Re: [PATCH 2/1] test-lib-functions: add object size functions
From: René Scharfe <hidden>
Date: 2023-12-19 16:43:02
Am 14.12.23 um 21:59 schrieb Jeff King:
On Wed, Dec 13, 2023 at 01:28:56PM +0100, René Scharfe wrote:quoted
Add test_object_size and its helpers test_loose_object_size and test_packed_object_size, which allow determining the size of a Git object using only the low-level Git commands rev-parse and show-index. Use it in t6300 to replace the bare-bones function test_object_file_size as a motivating example. There it provides the expected output of the high-level Git command for-each-ref.This adds a packed-object function, but I doubt anybody actually calls it. If we're going to do that, it's probably worth adding some tests for "cat-file --batch-check" or similar.
Yes, and I was assuming that someone else would be eager to add such tests. *ahem*
At which point I wonder if rather than having a function for a single object, we are better off just testing the result of: git cat-file --batch-all-objects --unordered --batch-check='%(objectsize:disk)' against a single post-processed "show-index" invocation.

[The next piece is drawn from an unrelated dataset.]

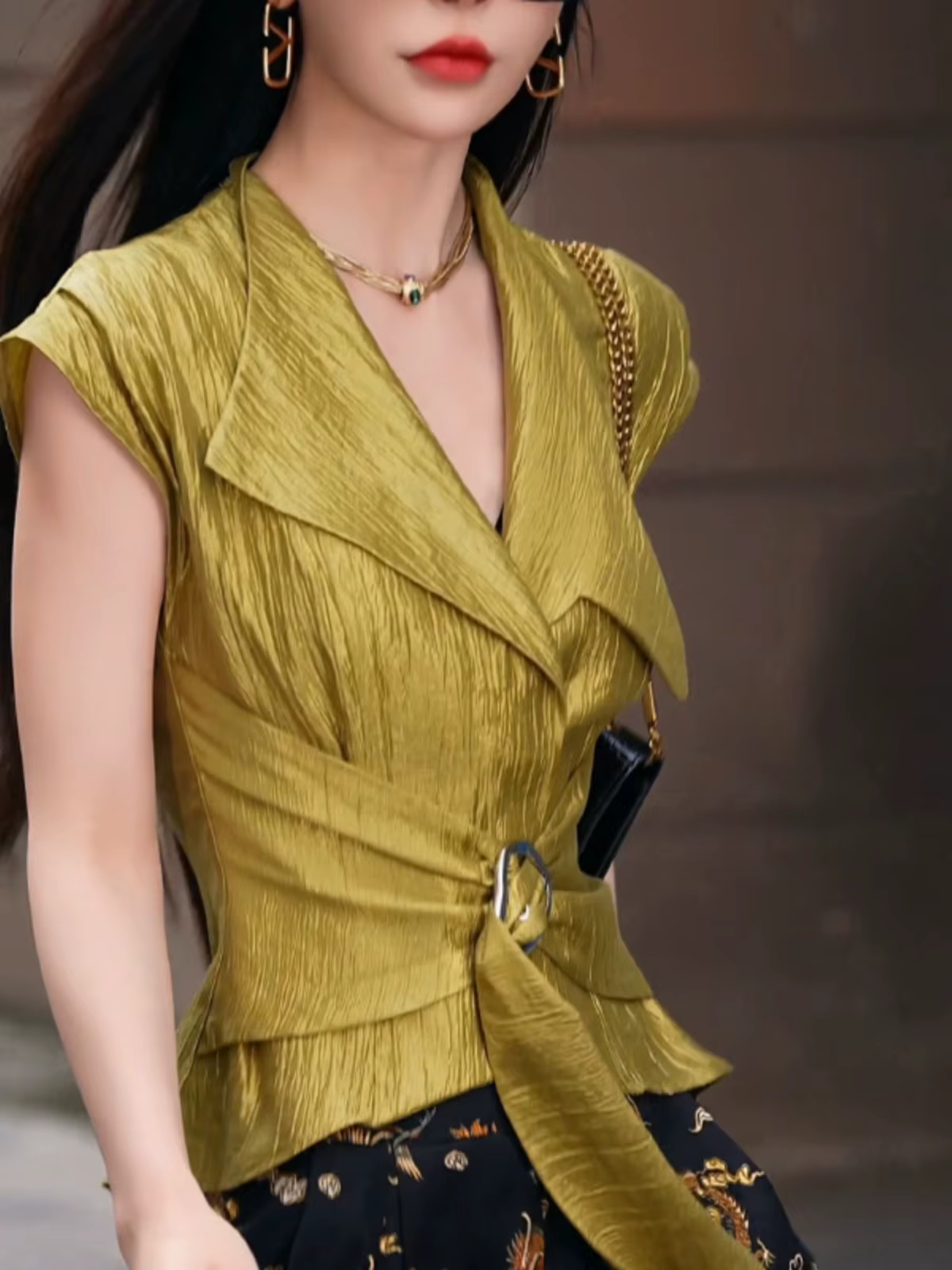 Chemise élégante sans manches pour femmes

Sure, we might want to optimize for bulk-processing and possibly end up only checking the size of single objects in t6300, making new library functions unnecessary. When dumping size information of multiple objects, it's probably a good idea to include "%(objectname)" as well in the format. You'd need one show-index call for each .idx file. A simple test would only have a single one; a library function might need to handle multiple packs.
quoted
So how about this? I'm a bit nervous about all the rules about output descriptors and error propagation and whatnot in the test library, but this implementation seems simple enough and might be useful in more than one test. No idea how to add support for alternate object directories, but I doubt we'll ever need it.I'm not sure that we need to do anything special with output redirection. Shouldn't these functions just send errors to stderr as usual? If they are run inside a test_expect block, that goes to descriptor 4 (which is either /dev/null or the original stderr, depending on whether "-v" was used).
Good point. My bad excuse is that I copied the redirection to fd 4 from test_grep.
quoted
+ git show-index <"$idx" | + awk -v oid="$oid" -v end="$end" ' + $2 == oid {start = $1} + {offsets[$1] = 1} + END { + if (!start || start >= end) + exit 1 + for (o in offsets) + if (start < o && o < end) + end = o + print end - start + } + ' && return 0I was confused at first, because I didn't see any sorting happening. But if I understand correctly, you're just looking for the smallest "end" that comes after the start of the object we're looking for. Which I think works.
Yes, calculating the minimum offset suffices when handling a single
object -- no sorting required. For bulk mode we'd better sort, of
course:
git show-index <"$idx" |
sort -n |
awk -v end="$end" '
NR > 1 {print oid, $1 - start}
{start = $1; oid = $2}
END {print oid, end - start}
'
No idea how to make such a thing robust against malformed or truncated
output from show-index, but perhaps that's not necessary, depending on
how the result is used.
René